Training a generative AI model requires the systematic copying of vast quantities of protected material - including text, images, music and source code - into training datasets. This copying is neither incidental nor accidental; it is a deliberate and technically necessary step in building commercially valuable systems.
Importantly, the works are not engaged with for their expressive or communicative content in the human sense. They are converted into numerical representations to enable algorithmic pattern recognition. While the end product may appear innovative, the training process itself depends on extensive copying.
Under Section 14(a)(i) of the Copyright Act, the right to reproduce a work “in any material form” is exclusively vested in the copyright owner. The legal question is not whether AI development is socially useful, but whether this reproduction falls within any statutory exception. Absent such an exception, unauthorised copying remains prima facie infringing.

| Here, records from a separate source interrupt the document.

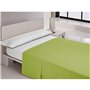 Drap Happy Home MIX COLORS Pistache Lit 1 persone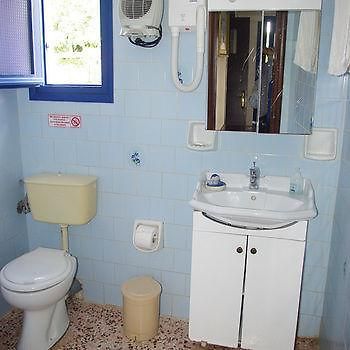 Castello Apartments Frangocastelo Екстер'єр фото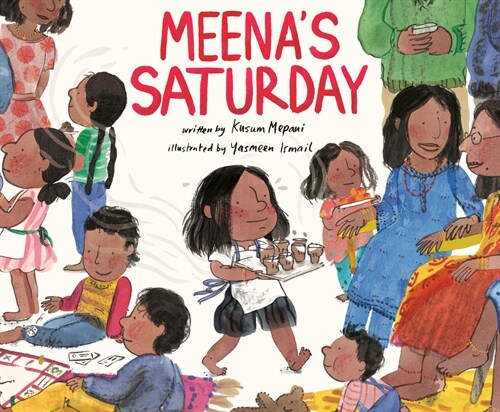 Meenas Saturday (Hardcover)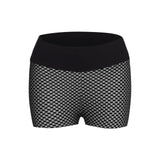 Ladies Casual Tight Slim Hip Lift Fitness Sports Yoga Shorts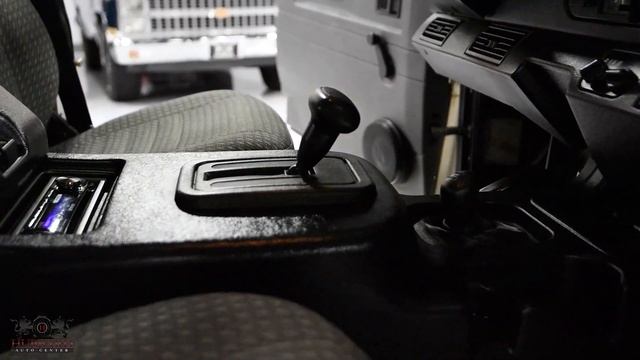 1997 Land Rover Defender 90 смотреть онлайн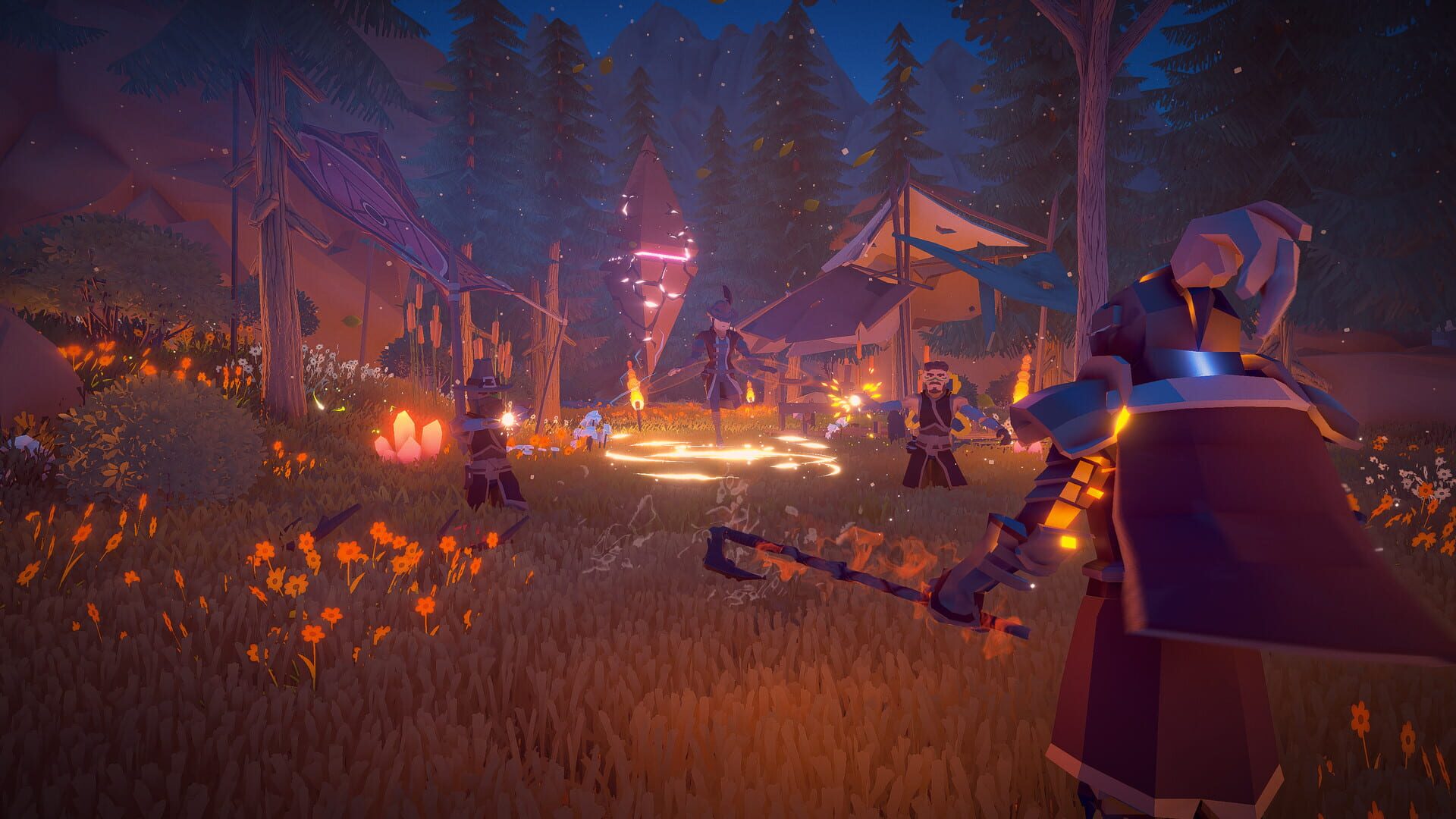 Walden Horde - Screenshot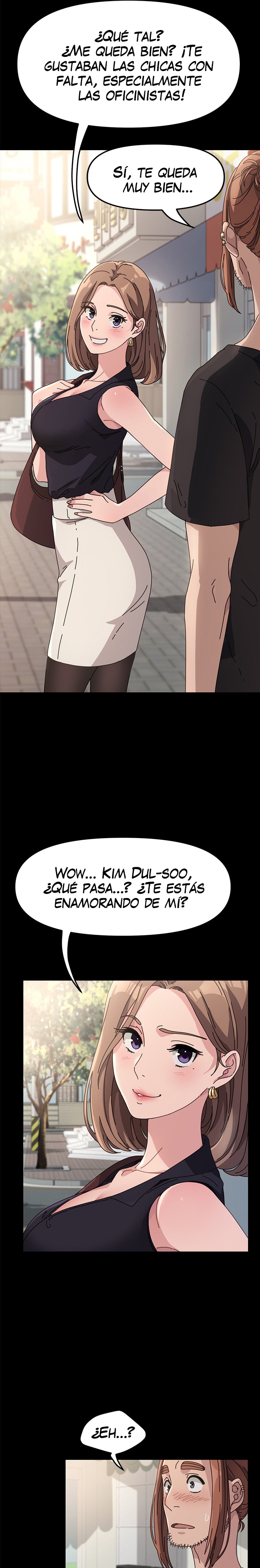 Ugh! My Husband Raw Chapter 1 - Page 19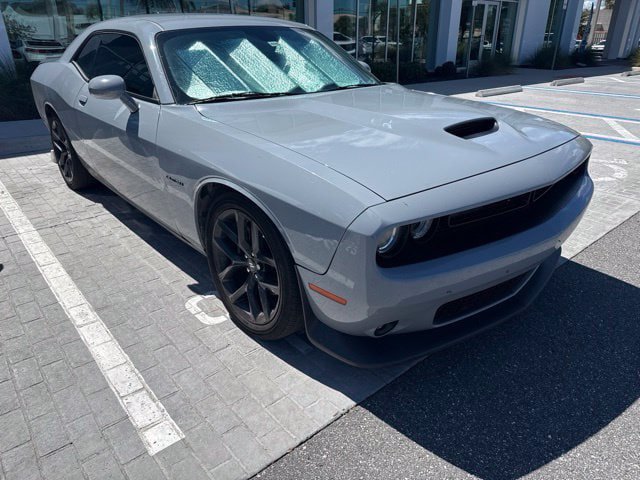 Used 2022 Dodge Challenger R/T w/ Driver Convenience Group RWD image 1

Proponents of fair dealing often rely on the “research” limb of Section 52(1)(a). This reliance is doctrinally problematic. In Indian copyright jurisprudence, research has traditionally been understood as a human-centred intellectual activity aimed at studying or understanding the copyrighted work itself - its content, themes, arguments or underlying ideas. The work is the object of inquiry.
AI training reverses this relationship. The copyrighted work is not studied for its meaning; it functions as a statistical input used to optimise model parameters. The objective is not to understand the work, but to improve a prediction engine capable of generating new outputs.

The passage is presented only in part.